Thursday, May 19, 2005

This Is My Side Of The Street, Dammit

... he warn't only just a farmer, he was a preacher, too, and had a little one-horse log church down back of the plantation, which he built it himself at his own expense, for a church and schoolhouse, and never charged nothing for his preaching, and it was worth it, too. There was plenty other farmer-preachers like that, and done the same way, down South.
-- The Adventures of Huckleberry Finn, Chap. XXXIII
This is a topic that deserves a more thorough analysis than the brief post and couple links I plan on giving it here, but I find this Biblical peak oil site (thanks to peakoil.com) not a little amusing because of its connection to one of peak oil's bigger showmen, Jim Kunstler. Kunstler has lately found it meet to lift the jargon of the worst elements of evangelical Christianity for his own ends. The irony, of course, is that he professes his hate of the people from whom he steals his similes; his is merely the Green version of rapture theology.
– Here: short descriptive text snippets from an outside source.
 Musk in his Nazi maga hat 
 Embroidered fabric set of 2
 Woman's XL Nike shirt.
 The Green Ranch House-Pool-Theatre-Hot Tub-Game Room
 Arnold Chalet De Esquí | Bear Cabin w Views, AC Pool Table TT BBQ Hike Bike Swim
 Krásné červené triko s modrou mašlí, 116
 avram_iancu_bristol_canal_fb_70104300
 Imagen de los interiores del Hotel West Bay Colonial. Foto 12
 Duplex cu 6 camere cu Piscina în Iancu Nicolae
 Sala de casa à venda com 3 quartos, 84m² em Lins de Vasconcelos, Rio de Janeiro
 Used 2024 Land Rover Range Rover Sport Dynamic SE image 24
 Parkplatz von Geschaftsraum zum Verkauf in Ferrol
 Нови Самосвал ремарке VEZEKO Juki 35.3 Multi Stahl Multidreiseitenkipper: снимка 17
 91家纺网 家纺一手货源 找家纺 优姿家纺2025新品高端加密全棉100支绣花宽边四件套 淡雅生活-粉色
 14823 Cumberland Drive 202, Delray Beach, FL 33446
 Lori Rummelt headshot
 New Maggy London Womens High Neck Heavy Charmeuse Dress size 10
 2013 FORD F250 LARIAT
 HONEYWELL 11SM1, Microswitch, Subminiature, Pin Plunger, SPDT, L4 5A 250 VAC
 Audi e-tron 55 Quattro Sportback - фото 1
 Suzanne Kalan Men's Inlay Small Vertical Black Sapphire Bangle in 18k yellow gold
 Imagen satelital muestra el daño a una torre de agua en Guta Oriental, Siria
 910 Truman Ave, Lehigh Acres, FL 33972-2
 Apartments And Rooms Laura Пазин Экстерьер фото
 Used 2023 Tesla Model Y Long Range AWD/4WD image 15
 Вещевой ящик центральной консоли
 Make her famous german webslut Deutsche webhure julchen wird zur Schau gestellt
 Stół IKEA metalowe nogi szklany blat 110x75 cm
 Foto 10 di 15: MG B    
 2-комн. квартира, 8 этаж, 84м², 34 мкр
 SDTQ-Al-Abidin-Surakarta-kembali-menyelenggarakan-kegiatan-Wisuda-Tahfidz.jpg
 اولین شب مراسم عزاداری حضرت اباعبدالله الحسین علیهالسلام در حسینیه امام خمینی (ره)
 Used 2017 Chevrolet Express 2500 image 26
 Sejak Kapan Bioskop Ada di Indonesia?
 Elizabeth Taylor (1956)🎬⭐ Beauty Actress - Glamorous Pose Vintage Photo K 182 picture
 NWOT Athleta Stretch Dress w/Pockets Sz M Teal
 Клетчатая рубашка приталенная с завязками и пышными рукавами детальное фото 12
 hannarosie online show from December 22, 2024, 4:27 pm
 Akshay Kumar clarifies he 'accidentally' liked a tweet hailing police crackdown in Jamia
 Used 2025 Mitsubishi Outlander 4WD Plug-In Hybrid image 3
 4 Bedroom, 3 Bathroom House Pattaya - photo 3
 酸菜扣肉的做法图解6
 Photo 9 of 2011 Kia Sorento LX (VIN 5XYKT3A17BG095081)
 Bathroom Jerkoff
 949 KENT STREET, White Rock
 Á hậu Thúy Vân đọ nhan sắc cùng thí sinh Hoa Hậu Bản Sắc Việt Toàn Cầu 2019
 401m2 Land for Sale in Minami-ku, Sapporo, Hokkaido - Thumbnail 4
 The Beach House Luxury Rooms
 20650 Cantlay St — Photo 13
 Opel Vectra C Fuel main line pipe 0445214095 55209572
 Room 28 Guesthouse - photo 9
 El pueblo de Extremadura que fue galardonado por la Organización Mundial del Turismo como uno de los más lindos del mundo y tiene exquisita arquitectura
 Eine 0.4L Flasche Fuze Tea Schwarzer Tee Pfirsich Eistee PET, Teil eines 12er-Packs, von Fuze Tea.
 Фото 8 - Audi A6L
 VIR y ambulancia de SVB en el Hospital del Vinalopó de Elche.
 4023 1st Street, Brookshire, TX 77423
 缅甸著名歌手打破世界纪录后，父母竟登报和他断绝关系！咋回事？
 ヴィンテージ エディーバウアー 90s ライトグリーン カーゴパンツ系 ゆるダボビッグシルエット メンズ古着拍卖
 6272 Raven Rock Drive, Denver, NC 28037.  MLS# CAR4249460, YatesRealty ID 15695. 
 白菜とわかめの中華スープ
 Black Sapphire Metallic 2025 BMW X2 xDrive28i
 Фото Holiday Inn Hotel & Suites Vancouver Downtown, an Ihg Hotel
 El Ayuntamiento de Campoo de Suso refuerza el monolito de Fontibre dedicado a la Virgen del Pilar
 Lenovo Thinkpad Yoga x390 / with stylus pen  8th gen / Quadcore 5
It is a theology without much history, according to a recent Kansas City Star article (registration required, or bugmenot.com). Wilburn T. Stancil, associate professor of theology and religious studies at Rockhurst University, says that rapture theology often stems from the writings of one Cyrus I. Scofield, who published a biblical reference in 1909. Espousing a tenet known as "premillenial dispensationalism", he claimed that at the moment of judgement, true believers would be taken to Jesus before the troubles happen, while nonbelievers would be left behind to, well, deal.

Although Stancil says a belief in a literal 1,000-year reign of Christ on Earth can be found in the writings of some early church fathers, Scofield's ideas are rooted in the thinking of John Nelson Darby, a 19th-century Church of England cleric who founded the Plymouth Brethren. Darby, who spent considerable time in America, may, in turn, have been amplifying the 1830 end-times visions of a 15-year-old girl in Scotland.

Stancil says premillennial dispensationalism has shown great “resiliency and adaptability” in the face of changing world events that premillennialists such as Lindsey interpret in light of their theology. Lindsey's 1970 book, The Late Great Planet Earth, did much to popularize this theology.

Premillennial dispensationalism may seem “rigid and inflexible,” Stancil says, but, in fact, it is “capable of almost endless mutations.” Dispensationalists, he says, insist the Bible must be read literally, “though ironically, it's the symbolic ... interpretation of the Bible that fosters the adaptability” found in Lindsey's view of the end times.

Rapture-based theology is misguided, Rossing says, because “God saves us not by snatching us out of the world, but by coming into the world to be with us.” She calls the rapture “an invented idea.” Theologian and author R.C. Sproul, founder of Ligonier Ministries of Orlando, Fla., holds a similar opinion, calling a rapture of the church at the start of seven years of tribulation “pure fiction” based on “manifestly flawed” theology.

The real world tends to be messier than historical determinists would like; large scale planning is hard enough to do for big companies, let alone entire nations. It's a fact the Soviets came hard against and failed to overcome, acknowledged late in the game by the Soviet planner Nikolai Fedorenko when he said it would take 30,000 years to come up with an adequate one-year plan. That experience doesn't take Kunstler down any notches; he's got a plan for everybody and an apocalyptic vision to herd them where he wants them to go. So his public venom directed at the religious right is better understood when taken in context; he absorbs and regurgitates their liturgy, translating it to a different audience. No wonder, then, that he hates them so: if there's one thing a carnie can't stand, it's another carnie working the same side of the street.